SPREAD THE GOOD WORD
FRIENDS
STRANGERS
LOVERS
CULTURE
Hula
Visiting Maui I have been introduced to hula, also known as kahiko, a tradition melding dance, chanting and music through which history and philosophy have been passed down in Polynesian culture. Outlawed for many years (along with the language) after Christian missionaries arrived in the islands in the 1820s, it was reinstated some seventy years later. I participated in an introductory lesson and found the reverence for nature and the poetry of place expressed in the chanted words along with the beat of the gourds and the gentle choreography remarkable. Though not my own culture, it resonated deeply with me.
PEOPLE
Alexander von Humboldt
I have been reading a wonderful book about the life of Alexander von Humboldt, The Invention of Nature by Andrea Wulf. Von Humboldt was an early observer of the changes wrought to local climate by deforestation and postulated that all forms of life on the planet were interlinked. He noted that when forests were cleared, top-soils were washed away in the rain, which in turn decreased (because there were less trees putting moisture back into the atmosphere), leading to rivers and streams becoming smaller… an eventual desertification of the region. My home state of South Australia (a name which, curiously, means South South) boasts less than 5% of the tree cover that it had before European settlement. As the driest state on the driest continent, we should be planting more trees, not clearing remnant vegetation for more cropping. The clearing that goes on in Queensland, Western Australia and Tasmania, the bushfire ravages everywhere will have dramatic consequences for the sustainability of our land.
PLACES
Fields of stone
"Wherever you go, there you are" a philosophical approach to being present, promulgated by A.A.Milne through that well-beloved bear (sometimes apostrophised as ‘silly’ and ‘old’ but in reality deeply wise) Winnie the Pooh. For myself I take it as being open and receptive to place, wherever those marmalade stains on the map (borrowed from that other beloved bear of fiction, Paddington) take me. It’s that moment of finding the beauty in a small flower struggling to make its way through a crack in the pavement, the first snowflake of winter on your cheek, the whiff of eucalyptus when you arrive back on the big red island.

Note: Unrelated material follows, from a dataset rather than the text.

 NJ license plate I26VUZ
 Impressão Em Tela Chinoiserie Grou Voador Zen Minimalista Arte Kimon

W.H.Auden is said to have coined a word for the love of place, topophilia … and so many of us who travel, overcome by topophilia then also become petrophiliacs (those who share the love of stones) , a condition which goes hand in hand with the desperate need to bring stones home in your pocket…creating the possibility of confusion for the geologists of the future as they encounter and wonder at unusual erratics.

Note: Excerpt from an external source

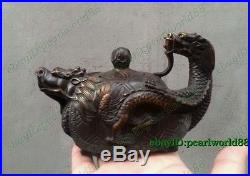 Exquisite! Chinese Antique Style brown dragon copper turtle Incense burner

Most of us like to leave a mark of some kind when we’ve been somewhere…and a gentle stone stack is a relatively harmless way of doing this. It has its roots in many cultures; that of leaving a pebble behind when visiting a grave, of building a cairn as a waymarker, of constructing inuksuit (stone figures that resemble stylized people). Peggy’s Cove in Nova Scotia has grown a field of such monuments, many in remembrance for loved ones lost in the Swissair plane disaster of 1998.
PRODUCTS
Aprons
An apron is a fine thing. It’s a shield against the doings of the day, its pockets are a repository for things you need close to hand and something to mop up the last glass of red you accidentally spilled. In the depression era of the last century they were often constructed from floursacks, and in the fifties your hostess might have worn a chic little number in organza at a fashionable dinnerparty. Mine today is made from a repurposed thrift store-sourced shirt, cut, flipped and embellished with a few stitched blessings. When holes blossom on it I mend them with slow stitches, and when stains threaten to dominate I overdye the whole thing in a pot of eucalyptus.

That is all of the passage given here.